President Barack Obama and his aides have said that targeted killings of Americans must be governed by some due process. But they have resisted public disclosure of their rules. Until this week, the administration had refused to allow even members of the Senate Intelligence Committee to read most of the legal opinions that justified the one known drone killing of an American, the attack on Anwar al-Awlaki in 2011 in Yemen.
The debate burst into public view on Capitol Hill. On the Senate floor, Paul filibustered the nomination of John Brennan to be the new director of the CIA, imploring colleagues to join him and criticizing Obama for refusing to categorically rule out the use of lethal force against terror suspects in this country. Brennan has been a chief architect and defender of the administration’s drone war.

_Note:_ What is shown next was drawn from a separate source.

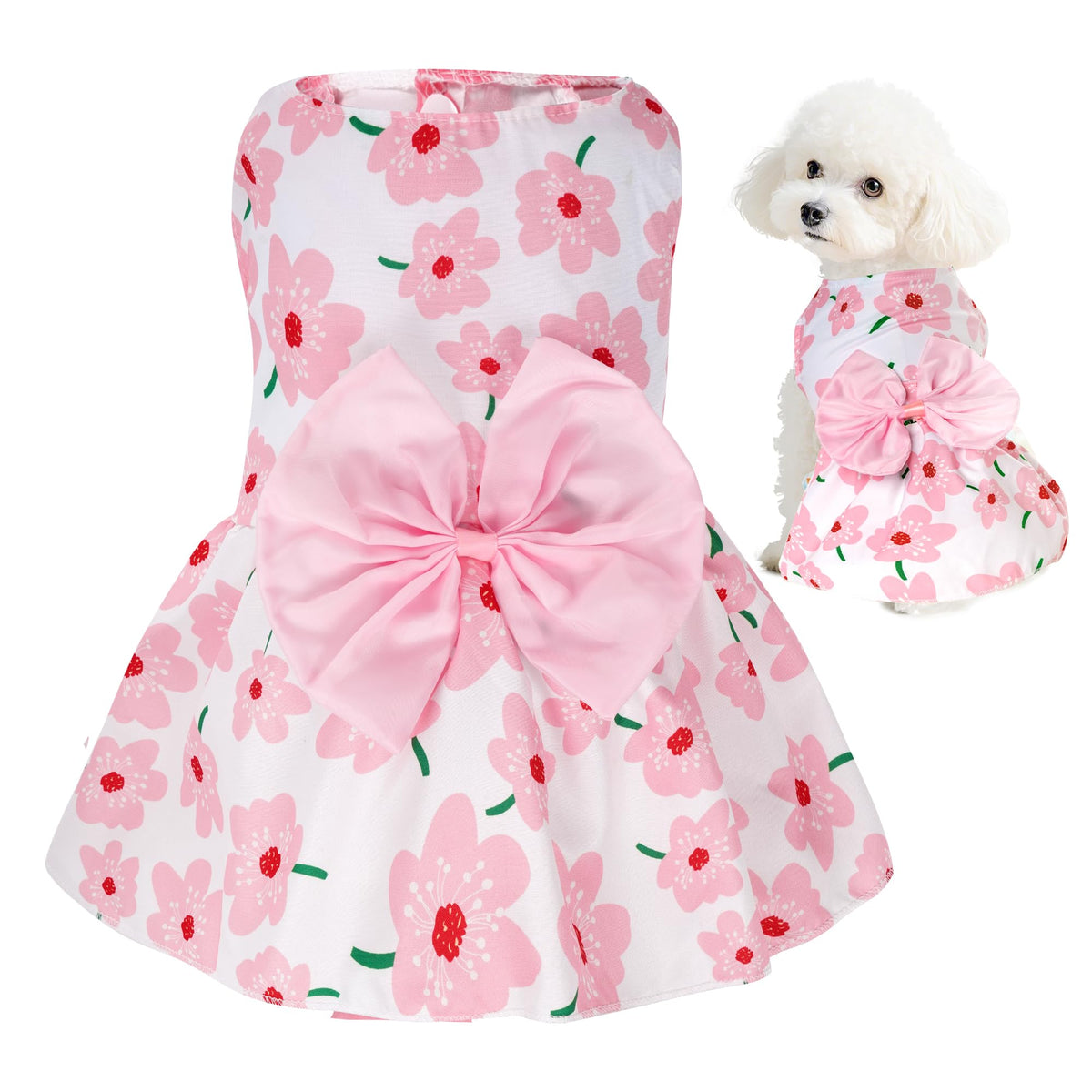 choyaxo Floral Dog Dress Cute Dog Skirt Pet Dress Summer Pet Clothes for Puppy Small Cats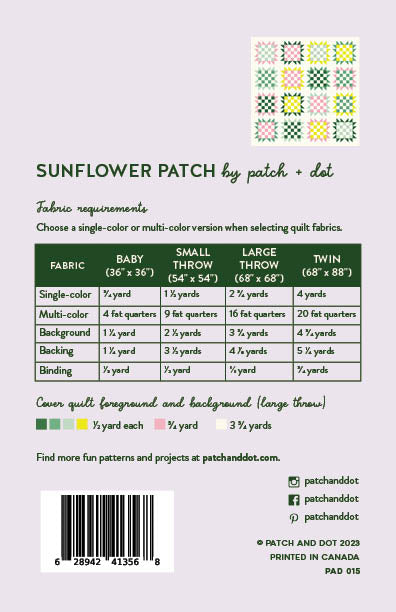 PRINTED Sunflower Patch Quilt Pattern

“Are we so complacent with our rights that we would allow a president to say he might kill Americans?” Paul asked. “No one person, no one politician should be allowed … to judge the guilt of an individual and to execute an individual. It goes against everything we fundamentally believe in our country.”
Paul showed no sign of giving up, holding the floor for more than eight hours and continuing to talk into the night. He demanded a public promise from the White House to never target drones against Americans in the U.S. Paul insisted he was not objecting to the use of lethal force to repel an attack but said the administration was claiming a far broader power.
“Do we want martial law in this country?” Paul asked, mocking the claim that the entire world can be considered a battlefield in the war against al-Qaida and other terrorist groups. “The hell this is a battlefield! This is our country.”
“If there was an ounce of courage in this body, I would be joined by others in telling the president that no president has the authority to kill Americans without trial,” Paul declared to a near-empty chamber. As the afternoon wore on, his words appeared to have had an impact, as several Republican colleagues and Democrat Ron Wyden of Oregon joined the filibuster, delaying a final vote on Brennan’s nomination at least until Thursday.
Simultaneously, Holder was testifying to the Senate Judiciary Committee, where senators tried to pin him down about the limits of the power the government was claiming.
In his letter, Holder had said he hoped “no president will ever have to confront” the need to order the killing of an American on U.S. soil.
But, he added, “it is possible, I suppose, to imagine an extraordinary circumstance in which it would be necessary and appropriate under the Constitution and applicable laws for the president to authorize the military to use lethal force within the territory of the United States.” He mentioned the attacks on the World Trade Center and the Pentagon on Sept. 11, 2001, as a possible example.
That explanation did not satisfy several members of the committee. The letter “raises many questions for citizens on when the government can kill them,” said Sen. Chuck Grassley, R-Iowa. Sen. Ted Cruz, R-Texas, demanded to know what in the Constitution gives the president or anyone else the power to kill an American terrorist suspect “sitting quietly in a cafe in the U.S.” who at that time is not posing an immediate threat.
After initially saying only that killing a suspect in that sort of circumstance would not be “appropriate,” Holder eventually told Cruz that such an attack would not be constitutional. He also said that he expected Obama to speak more publicly about the issue in the near future. “I think there is a greater need for transparency, a greater need for appropriately sharing information, and we are struggling with how to do that, but it is something that the president feels strongly about,” he said.
Although Republicans asked most of the questions, the issue did not break down cleanly on partisan lines.
South Carolina Republican Lindsey Graham applauded the administration’s drone policy. “In every war we’ve had, unfortunately, American citizens have sided with the enemy. They’ve been few in number, but that does happen,” he said.
A battery of Patriot missiles now guards the U.S. Capitol against attack, he noted. “Let’s go back in time,” he said. “What would we all give to have those Patriot missile batteries available” on Sept. 11.
Using them to blow up one of the airliners aimed at the World Trade Center or the Pentagon “would have meant that we would have lost a planeload of American citizens, but we’d save thousands more. That’s the world in which we live in,” he said.
“I want to stand by you and the president to make sure that we don’t criminalize the war and that the commander-in-chief continues to have the authority to protect us all,” he told Holder.
“And I’ve got a lot of my colleagues who are well-meaning, but there is only one commander-in-chief in our Constitution.”
Holder, clearly uncomfortable, repeatedly told the committee his letter had merely dealt with the unlikely possibility of an extreme event. He stressed that there is no plan to broaden the administration’s drone program to aim at targets inside U.S. borders.
“It’s hard for me to imagine a situation where that would occur,” he said.